12※R15
※R15、性的表現あるので、苦手な方はスルーして下さい。
誰にも見つからないように、平のこんな顔を見せたくない一心で、全ての神経を集中させて、細心の注意を払って自分達の部屋へ戻って来た。
もう待ちきれないとリビングにある大きなソファーに優しく平を降ろす。
「大和くん…すみません…」
ピクピクと震える平の上にまたがり、奪うように口づけた。
ふにっとした柔らかな感触に、大翔の胸が大きく飛び跳ねる。
心臓がバクバクと早鐘を打ち、余裕なく甘い唇を貪ったのだった。
「ぅんっ…んっ」
頬を真っ赤に染め、大翔の首に腕を回して、思いっきり抱きついた。
更には子供のように何度も擦りついてくるではないか。
何と可愛い仕草なのだろうか。
それが嬉しくて、大翔は舌を唇の間から滑り込ませた。
「ふぁっ…んっ」
すると平の瞳からポロリと一筋の雫が落ちる。
ゆっくりと唇を離せば、二人の間に銀色の糸がツーっとのびた。
「すみません…、僕は君に対して…」
平の涙を拒絶と捉えた大翔は、理性を総動員して、慌てて離れる。
「っ…かん、にんっ…、謝るん…あっ、俺の方、や…。こないな…事…あさましっ…」
ボロボロ涙を流し、必死で媚薬と戦っているが、もうどうしようもない熱に犯される。
「…っ、多分ですが…媚薬を飲まされてます…」
大翔はギリっと唇を噛み締めた。
「んっ…、……び…や、く…?」
朦朧とした頭で、何も考える事が出来ない。
その様子を見て、大翔は出来る限り冷静でいようとつとめた。
「嫌かもしれませんが…今から僕がする事で、少しでも体が楽になるので…。少し触れるだけなので安心して下さい」
酷く心配そうに見つめてくる優しい瞳。
ああ、そうだ、いつもこの同室者はどんな事からも守ってくれる。
人の為に動いてくれる人間だとわかっているからこそ、今回も平を助けようと考えてくれたんだろう。
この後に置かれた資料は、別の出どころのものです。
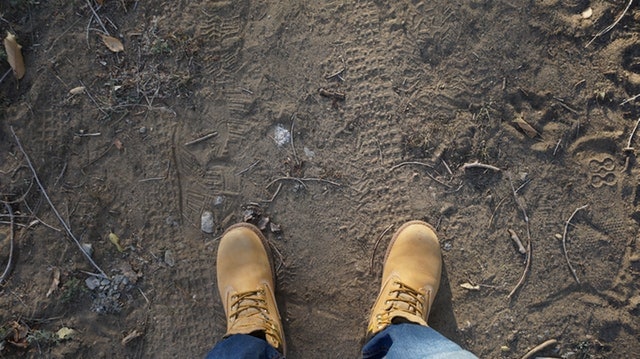 a man wearing boots on dirt ground
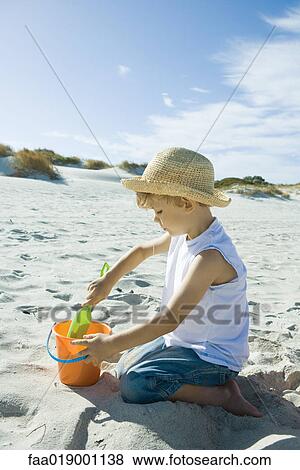 Child playing in sand View Large Photo Image Stock Photo - Child playing in sand. Fotosearch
「ん…、ええよっ…。はっ…、岸…俺の事…助けて…くれよ…してるんやろ…?堪忍、なぁ…」
はぁはぁと荒い息で、大翔の胸元のワイシャツを掴んだ。
そして、力なく自分の上に倒れるように誘導する。
「っ…、僕は…そんな出来た人間では…」
小さな声だった。
自己厭悪に苛まれ、綺麗な同室者に邪な気持ちを抱いている事への罪悪感。
「…頼む…で、岸が…この…熱、はぁ…引かせてぇ…やっ…」
大翔だから、お願い出来る。
きっと彼は自分を酷いようにしない。
「…っ、そんな風に言われたら、手加減出来そうにないじゃないですか」
苦しそうに微笑み、平の首筋に吸い付いた。
ちゅっちゅっとリップ音を鳴らせば、聴覚から耳がおかされる。
ビクリと平の背中が仰け反れば、ワイシャツの中にするりと手を忍び込ませた。
「あっ…!?」
くにゅっと両方の指で乳首を摘めば、平から甘い声が洩れる。
「やっ…あっ…」
クリクリと指で刺激してやれば、目に涙を溜めてビクビクと体を震わせる。
ジンジンと下半身に来る熱が平の頭を真っ白にした。
「大和くん、可愛いです…」
大翔ははぁっと恍惚な表情で平を見下ろしたのだった。